In one 2010 study,10 women who ate the most high glycemic foods had more than double the risk of developing heart disease as women who ate the fewest. Previous studies, including an excellent one published in the American Journal of Clinical Nutrition,11 have also linked high-carb diets to heart disease. Contrary to popular belief, the scientific evidence also shows that saturated fat is in fact a necessary part of a heart healthy diet, and firmly debunks the myth that saturated fat promotes heart disease.

For example:

  • In a 1992 editorial published in the Archives of Internal Medicine,12 Dr. William Castelli, a former director of the Framingham Heart study, stated:

“In Framingham, Mass., the more saturated fat one ate, the more cholesterol one ate, the more calories one ate, the lower the person’s serum cholesterol. The opposite of what… Keys et al would predict… We found that the people who ate the most cholesterol, ate the most saturated fat, ate the most calories, weighed the least and were the most physically active.”

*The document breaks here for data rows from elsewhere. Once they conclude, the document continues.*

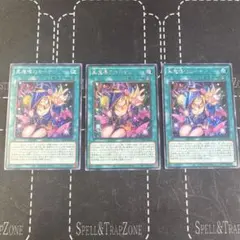 遊戯王 黒魔導のカーテン アジア版シークレット3枚 #2 - メルカリ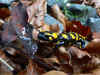 salamandra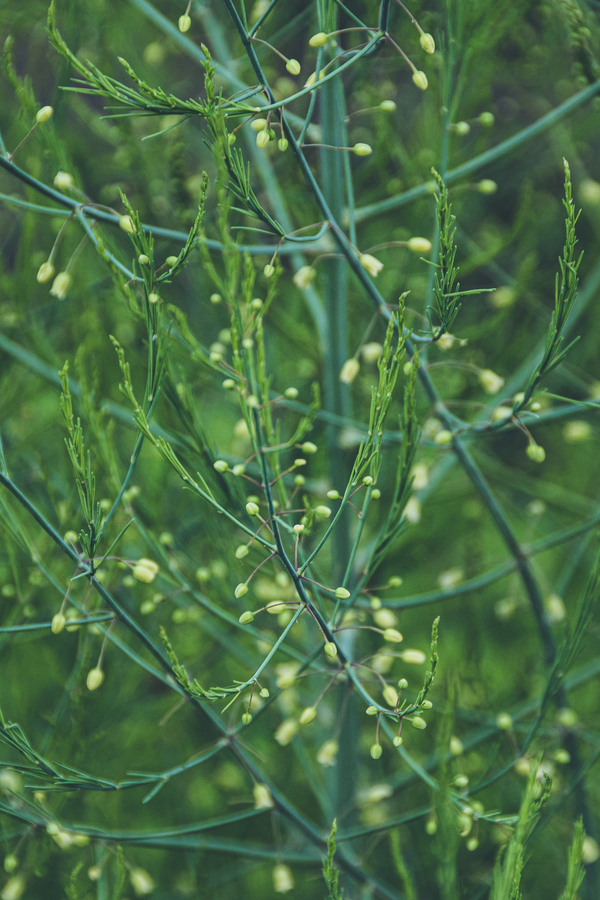 aspragus plants in the summer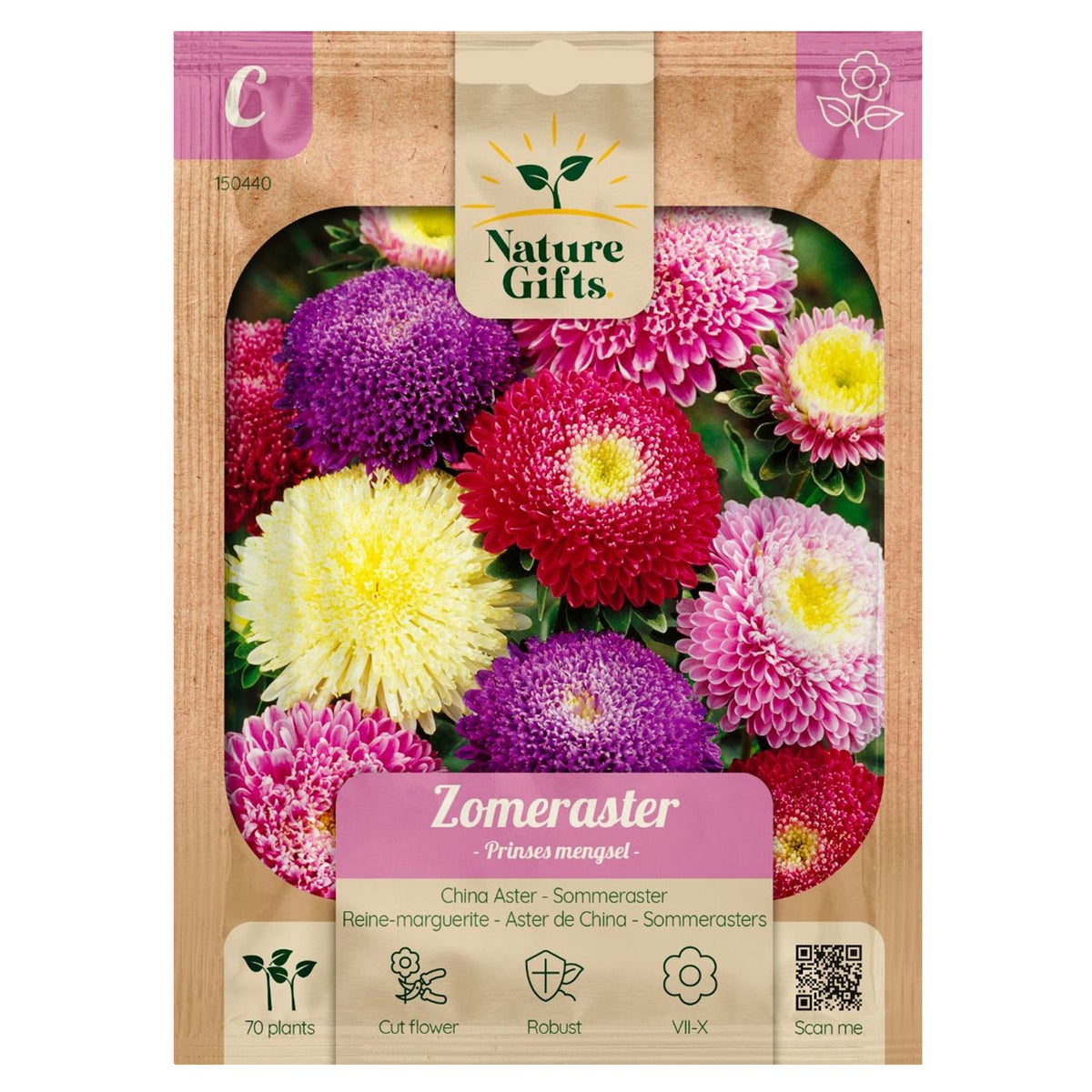 Zomeraster Prinses mix Zomeraster Prinses mix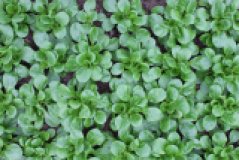 Feldsalat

  • A 2010 meta-analysis,13 which pooled data from 21 studies and included nearly 348,000 adults, found no difference in the risks of heart disease and stroke between people with the lowest and highest intakes of saturated fat.
  • Another 2010 study published in the American Journal of Clinical Nutrition14 found that a reduction in saturated fat intake must be evaluated in the context of replacement by other macronutrients, such as carbohydrates. When you replace saturated fat with a higher carbohydrate intake, particularly refined carbohydrate, you exacerbate insulin resistance and obesity, increase triglycerides and small LDL particles, and reduce beneficial HDL cholesterol.The authors state that dietary efforts to improve your cardiovascular disease risk should primarily emphasize the limitation of refined carbohydrate intake, and weight reduction.
  • A 2014 meta-analysis15 of 76 studies by researchers at Cambridge University found no basis for guidelines that advise low saturated fat consumption to lower your cardiac risk, calling into question all of the standard nutritional guidelines related to heart health. According to the authors: “Current evidence does not clearly support cardiovascular guidelines that encourage high consumption of polyunsaturated fatty acids and low consumption of total saturated fats.”

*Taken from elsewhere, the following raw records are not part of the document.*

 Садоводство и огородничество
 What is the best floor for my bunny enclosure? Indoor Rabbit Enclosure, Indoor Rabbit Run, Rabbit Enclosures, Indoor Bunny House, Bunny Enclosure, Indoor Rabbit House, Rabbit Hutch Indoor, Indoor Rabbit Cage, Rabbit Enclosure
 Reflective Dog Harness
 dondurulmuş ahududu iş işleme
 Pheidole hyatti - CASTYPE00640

Simple Lifestyle Changes Can Effectively Protect Your Heart Health

Contrary to what pharmaceutical PR firms will tell you, statins have nothing to do with reducing your heart disease risk. In fact, this class of drugs can actually increase your heart disease risk—especially if you do not take ubiquinol (CoQ10) along with it to mitigate the depletion of CoQ10 caused by the drug.Poor lifestyle choices are primarily to blame for increased heart disease risk, such as eating too much refined sugar and processed foods, getting too little exercise and movement, lack of sun exposure and rarely, or never grounding to the earth. These are all things that are within your control, and don’t cost much (if any) money to address.

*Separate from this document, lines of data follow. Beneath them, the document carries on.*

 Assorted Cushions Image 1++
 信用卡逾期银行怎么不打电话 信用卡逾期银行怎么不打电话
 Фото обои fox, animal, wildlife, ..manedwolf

It’s also worth noting that statins can effectively nullify the benefits of exercise, which in and of itself is important to bolster heart health and maintain healthy cholesterol levels. In fact, one of the best ways to condition your heart is to engage in high-intensity interval exercise.16,17 Taking a drug that counteracts your personal efforts to improve your health seems like a really questionable tactic. If you’re currently taking a statin drug and are worried about the excessive side effects they cause, please consult with a knowledgeable health care practitioner who can help you to optimize your heart health naturally, without the use of these dangerous drugs.